Primitive grace: 30,000-year-old art in Cave of Forgotten Dreams.

Cave of Forgotten Dreams

GRADE: B

Cave of Forgotten Dreams is the most indispensable documentary ever made by a pretentious blowhard, with all apologies to Michael Moore. The blowhard here is Werner Herzog, the legendary German iconoclast whose challenging early masterpieces about the wages of obsession, like Fitzcarraldo, blurred the line between art and artist. In recent years his documentary work (Grizzly Man) has proven more consistent than his narrative films, which fluctuate between brilliant (Rescue Dawn) and downright silly (Bad Lieutenant: Port of Call New Orleans). Now, the ever-curious Herzog applies his talent to a very worthy subject in his sometimes maddening, idiosyncratic way.

Chauvet Cave in southern France is a largely unspoiled prehistoric marvel that sports perhaps the oldest known examples of human artwork dating back 30,000 years; a dazzling collection of cave paintings depicting a coterie of animals, some long vanished. Herds of deer, elk and horses roamed the European highlands, along with more exotic fauna like woolly rhinos, panthers and mammoths, all rendered with primitive grace and haunting beauty.

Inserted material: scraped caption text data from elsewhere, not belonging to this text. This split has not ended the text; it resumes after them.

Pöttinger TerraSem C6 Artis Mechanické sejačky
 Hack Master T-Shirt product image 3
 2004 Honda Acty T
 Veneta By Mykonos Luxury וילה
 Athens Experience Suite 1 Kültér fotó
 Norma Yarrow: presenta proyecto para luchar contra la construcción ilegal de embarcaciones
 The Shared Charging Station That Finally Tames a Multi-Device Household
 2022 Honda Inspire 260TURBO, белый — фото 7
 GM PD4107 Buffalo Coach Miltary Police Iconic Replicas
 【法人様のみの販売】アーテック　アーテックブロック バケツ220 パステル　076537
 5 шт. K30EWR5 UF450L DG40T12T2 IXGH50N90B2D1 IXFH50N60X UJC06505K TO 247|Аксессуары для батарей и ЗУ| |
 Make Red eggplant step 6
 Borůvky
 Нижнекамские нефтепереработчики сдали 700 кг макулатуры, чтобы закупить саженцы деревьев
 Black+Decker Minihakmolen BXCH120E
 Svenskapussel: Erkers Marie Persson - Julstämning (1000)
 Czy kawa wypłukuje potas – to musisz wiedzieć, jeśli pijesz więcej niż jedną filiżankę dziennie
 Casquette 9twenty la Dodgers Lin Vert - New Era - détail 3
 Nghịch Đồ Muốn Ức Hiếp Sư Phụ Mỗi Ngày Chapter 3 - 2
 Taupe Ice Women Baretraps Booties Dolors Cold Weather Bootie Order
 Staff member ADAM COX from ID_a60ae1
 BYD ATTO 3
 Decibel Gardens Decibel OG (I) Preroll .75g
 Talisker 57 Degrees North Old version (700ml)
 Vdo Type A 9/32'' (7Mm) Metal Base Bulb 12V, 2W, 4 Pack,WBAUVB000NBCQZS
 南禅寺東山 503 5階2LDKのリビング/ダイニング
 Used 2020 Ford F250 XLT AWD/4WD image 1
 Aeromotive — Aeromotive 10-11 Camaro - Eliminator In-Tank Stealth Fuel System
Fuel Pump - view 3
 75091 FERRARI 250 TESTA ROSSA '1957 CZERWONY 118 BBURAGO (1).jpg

Many of the drawings hint at movement, which Herzog can't resist calling "proto-cinema."

The cave face was buried by a rockslide roughly 20,000 years ago, and a hidden entrance only located in 1994. Since then, limited access to the cave has been carefully controlled by the French government, mindful of the damage done by heavy tourist traffic to other precious sites such as the cave paintings at Lascaux. Herzog and a tiny crew are the only filmmakers who have been allowed inside, and the result is an extraordinary achievement, slightly bogged down by almost willful weirdness.

Herzog narrates in his trademark flat cadence, mixing scholarly reporting with fanciful musings and ruminations that can trail off into incomprehensible blather. When he takes a side trip to a nearby artificial swamp, and ponders what's going on in the mind of an albino crocodile, you'll suppress absurd giggles.

There are also chats with various researchers, all mildly quirky, such as the expert in ancient spears, or the perfumer, who uses his finely tuned nose to sniff out subterranean passages.

Herzog is not afraid to be almost perversely boring, with his didactic drone and insistence on repetitive languid pans back and forth over the same paintings. As startling as the images are, you can only muse on the same rhino for so long before drifting.

Perhaps in some inchoate way, Herzog is commenting on our modern inability to focus, and of the ancient, human desire to make art, even if it meant crawling into a cave full of wolves and hibernating bears. Hauling modern 3-D cameras underground into dark, tight spots isn't as scary, but the inescapable human desire to create can still drive you a little crazy.

Cave of Forgotten Dreams hits theaters on Friday, May 6.